Serious police abuses have taken place in the French port city of Dunkirk this week, aid organisations have claimed. The accusations follow the mass eviction of people, mostly Kurdish-Iraqi refugees, from a camp on the outskirts of the city.

Aid groups in northern France say police are using non-lethal weapons such as pepper spray and tasers to clear people from the area.

Dunkirk sits just across the channel from south-east England. It has been home to refugees and migrants hoping to reach the UK for many years. Aid groups told The Canary that police evicted around 800 individuals from the camp on 6 September. There are now said to be around 600 people in the port city with no settled place to sleep.

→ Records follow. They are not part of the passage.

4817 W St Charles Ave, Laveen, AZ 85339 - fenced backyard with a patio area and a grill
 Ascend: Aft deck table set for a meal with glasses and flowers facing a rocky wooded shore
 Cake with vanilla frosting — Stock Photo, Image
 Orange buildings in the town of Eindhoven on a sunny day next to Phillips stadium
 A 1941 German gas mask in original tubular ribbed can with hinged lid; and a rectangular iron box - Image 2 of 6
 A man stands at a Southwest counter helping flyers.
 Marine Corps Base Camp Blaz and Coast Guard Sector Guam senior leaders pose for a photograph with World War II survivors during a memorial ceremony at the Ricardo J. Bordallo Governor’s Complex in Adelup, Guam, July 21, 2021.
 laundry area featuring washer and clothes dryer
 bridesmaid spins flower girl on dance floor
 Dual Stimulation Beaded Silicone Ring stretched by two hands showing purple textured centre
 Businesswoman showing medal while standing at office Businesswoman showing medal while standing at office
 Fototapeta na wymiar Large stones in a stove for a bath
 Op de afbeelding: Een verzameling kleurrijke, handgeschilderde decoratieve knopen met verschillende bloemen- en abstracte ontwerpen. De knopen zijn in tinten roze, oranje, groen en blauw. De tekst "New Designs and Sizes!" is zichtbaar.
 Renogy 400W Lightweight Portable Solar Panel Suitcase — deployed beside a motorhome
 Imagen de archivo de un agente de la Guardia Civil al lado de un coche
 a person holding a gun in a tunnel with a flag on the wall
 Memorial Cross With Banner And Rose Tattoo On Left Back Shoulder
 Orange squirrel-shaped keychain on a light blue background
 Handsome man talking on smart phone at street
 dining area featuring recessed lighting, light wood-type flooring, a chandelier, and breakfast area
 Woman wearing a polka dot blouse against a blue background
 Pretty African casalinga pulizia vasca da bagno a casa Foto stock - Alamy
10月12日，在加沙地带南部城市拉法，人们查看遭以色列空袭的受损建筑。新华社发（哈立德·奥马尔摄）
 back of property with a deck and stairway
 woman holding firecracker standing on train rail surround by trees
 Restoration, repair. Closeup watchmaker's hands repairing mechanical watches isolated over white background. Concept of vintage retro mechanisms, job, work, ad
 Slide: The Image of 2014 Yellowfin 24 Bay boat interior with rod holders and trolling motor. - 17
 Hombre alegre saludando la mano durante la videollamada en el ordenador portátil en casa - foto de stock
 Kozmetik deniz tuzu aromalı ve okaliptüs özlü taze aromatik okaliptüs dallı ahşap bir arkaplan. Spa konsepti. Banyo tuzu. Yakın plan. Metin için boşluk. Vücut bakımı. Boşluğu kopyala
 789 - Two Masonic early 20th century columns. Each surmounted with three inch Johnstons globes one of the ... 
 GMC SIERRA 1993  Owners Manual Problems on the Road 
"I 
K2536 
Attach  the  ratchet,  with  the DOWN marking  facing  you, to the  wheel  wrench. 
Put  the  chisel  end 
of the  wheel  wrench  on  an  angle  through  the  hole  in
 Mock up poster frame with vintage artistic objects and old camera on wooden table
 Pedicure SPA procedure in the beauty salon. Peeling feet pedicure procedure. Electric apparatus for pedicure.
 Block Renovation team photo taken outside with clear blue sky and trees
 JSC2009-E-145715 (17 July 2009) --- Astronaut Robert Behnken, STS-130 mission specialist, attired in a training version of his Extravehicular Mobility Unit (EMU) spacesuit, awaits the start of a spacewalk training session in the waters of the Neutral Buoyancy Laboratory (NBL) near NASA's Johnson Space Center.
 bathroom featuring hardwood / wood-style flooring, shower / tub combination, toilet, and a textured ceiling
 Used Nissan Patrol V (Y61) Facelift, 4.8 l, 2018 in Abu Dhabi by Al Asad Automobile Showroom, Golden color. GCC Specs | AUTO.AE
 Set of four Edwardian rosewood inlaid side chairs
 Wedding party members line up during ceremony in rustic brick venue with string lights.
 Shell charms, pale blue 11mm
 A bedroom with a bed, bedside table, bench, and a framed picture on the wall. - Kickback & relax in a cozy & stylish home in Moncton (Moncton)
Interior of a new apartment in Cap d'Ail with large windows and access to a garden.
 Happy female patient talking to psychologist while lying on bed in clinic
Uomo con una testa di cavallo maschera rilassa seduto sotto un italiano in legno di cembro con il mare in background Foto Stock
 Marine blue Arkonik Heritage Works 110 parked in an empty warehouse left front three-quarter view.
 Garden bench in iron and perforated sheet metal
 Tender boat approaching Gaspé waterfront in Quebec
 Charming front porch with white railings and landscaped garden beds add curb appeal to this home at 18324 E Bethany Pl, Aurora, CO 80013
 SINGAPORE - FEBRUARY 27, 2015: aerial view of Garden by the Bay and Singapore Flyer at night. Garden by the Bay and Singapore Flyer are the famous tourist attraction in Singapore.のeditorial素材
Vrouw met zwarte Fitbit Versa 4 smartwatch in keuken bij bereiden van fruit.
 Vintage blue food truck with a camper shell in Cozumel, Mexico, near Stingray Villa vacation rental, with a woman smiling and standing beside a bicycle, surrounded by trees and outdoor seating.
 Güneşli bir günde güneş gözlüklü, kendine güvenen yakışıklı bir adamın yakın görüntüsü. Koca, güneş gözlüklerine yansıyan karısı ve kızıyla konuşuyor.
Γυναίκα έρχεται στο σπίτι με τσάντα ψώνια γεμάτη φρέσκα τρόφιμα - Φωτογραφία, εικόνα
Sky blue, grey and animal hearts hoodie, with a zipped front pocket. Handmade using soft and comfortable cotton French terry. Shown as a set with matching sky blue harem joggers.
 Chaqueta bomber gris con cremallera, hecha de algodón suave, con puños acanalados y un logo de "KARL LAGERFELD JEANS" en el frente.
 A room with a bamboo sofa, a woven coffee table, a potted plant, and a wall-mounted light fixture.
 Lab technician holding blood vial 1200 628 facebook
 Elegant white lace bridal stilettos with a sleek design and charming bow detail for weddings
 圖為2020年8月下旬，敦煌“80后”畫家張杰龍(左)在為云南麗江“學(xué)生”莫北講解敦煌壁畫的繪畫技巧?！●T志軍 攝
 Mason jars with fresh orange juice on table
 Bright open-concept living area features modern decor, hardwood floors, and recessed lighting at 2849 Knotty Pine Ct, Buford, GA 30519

The UK government has spent more than £150m on security around border ports in north-west France since the Calais “Jungle” camp was cleared in 2016.

 Evictions

Around 200 officers were involved in the clearing of the estimated 800 people on the site at Grande-Synthe. Officials rounded up 400 people, including almost 100 children and 60 families, onto buses destined for alternative accommodation. But by midnight, two buses had returned, as there was allegedly no space in the accommodation centres.

Aid organisation Help Refugees told The Canary that some people on the buses had no food or water for the entire day. Upon the return of the buses, it says over 400 people were then “left on the streets to fend for themselves”. According to the charity, police surrounded the former campsite in a perimeter, leaving no access to water.